THE legendary lawmaker Mike Ellis will be honored tomorrow in Neenah, where he was born 77 years ago and whose values he championed every day he came to the Capitol from 1970 until 2014. Ellis died on July 20.
Any column on the former Senate president, majority and minority leader, budget-detail wonk and acid-tongued Republican should start this way: Mike Ellis never forgot where he came from, and he knew when to leave the Capitol. That cannot be said of all Wisconsin legislators.
FIRST, Ellis was the son of a Neenah mill worker, and he would show you where he rode his bike to bring his dad his dinner when he was growing up. They met on or near a bridge outside the mill.
Second, after the modern version of a political terrorist approached an after-cocktail-hour Ellis at a downtown Madison bar wired to record their conversation about a potentially illegal campaign-finance scheme, the wily veteran knew he could no longer compete in the scorched-earth world of social media politics. He chose not to seek re-election in 2014 and retired to the horse farm he and wife, Sandy, owned.
Ellis left on his terms; he could not have accepted losing in a primary to someone he considered a zealot recruited by radical conservatives.
IN between those personal mile markers - growing up in Neenah and leaving the Capitol as Senate president - was the life of one interesting rascal.
By force of will and encyclopedia-like knowledge of the state budget, Ellis put his stamp on all major spending decisions over the last 30 years.

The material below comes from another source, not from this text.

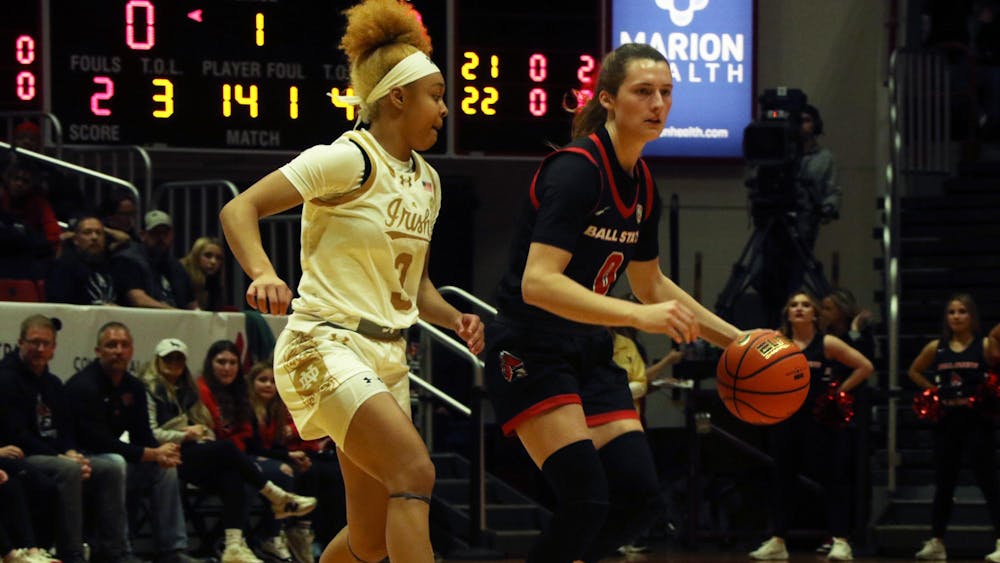 Junior Ally Becki dribbles Nov. 24 in a game against Notre Dame at Worthern Arena. Zach Carter, DN.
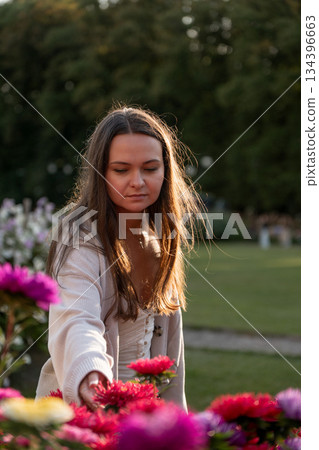 Young woman in a light dress reaches toward pink roses in a park garden, soft evening light, warm highlights, green background, calm and inviting mood Young woman in a light dress reaches toward pink roses in a park garden, soft evening light, warm highlights, green background, calm and inviting mood 134396663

Examples: Need the school-aid funding formula, and its origins, explained? How would state government pay two-thirds of K-12 costs? Size of the "structural deficit" - the imbalance between future spending promises and tax revenues? Why expand the School Choice program so quickly? Who sponsored the last "check in the mail" tax rebate - the one before this summer's $100-per-child rebate? Who wrote the charter for the now-abolished Government Accountability Board?
Mike Ellis was part of all those big deals. He also fought for - and never got - campaign-finance reform.
YES, Ellis voted for Act 10, which scrapped collective bargaining for most public employees and made them pay more for health care and pensions, in 2011. But he voted for it only after arguing privately - with Gov. Scott Walker and his fellow Republicans - that it went too far and should be scaled back.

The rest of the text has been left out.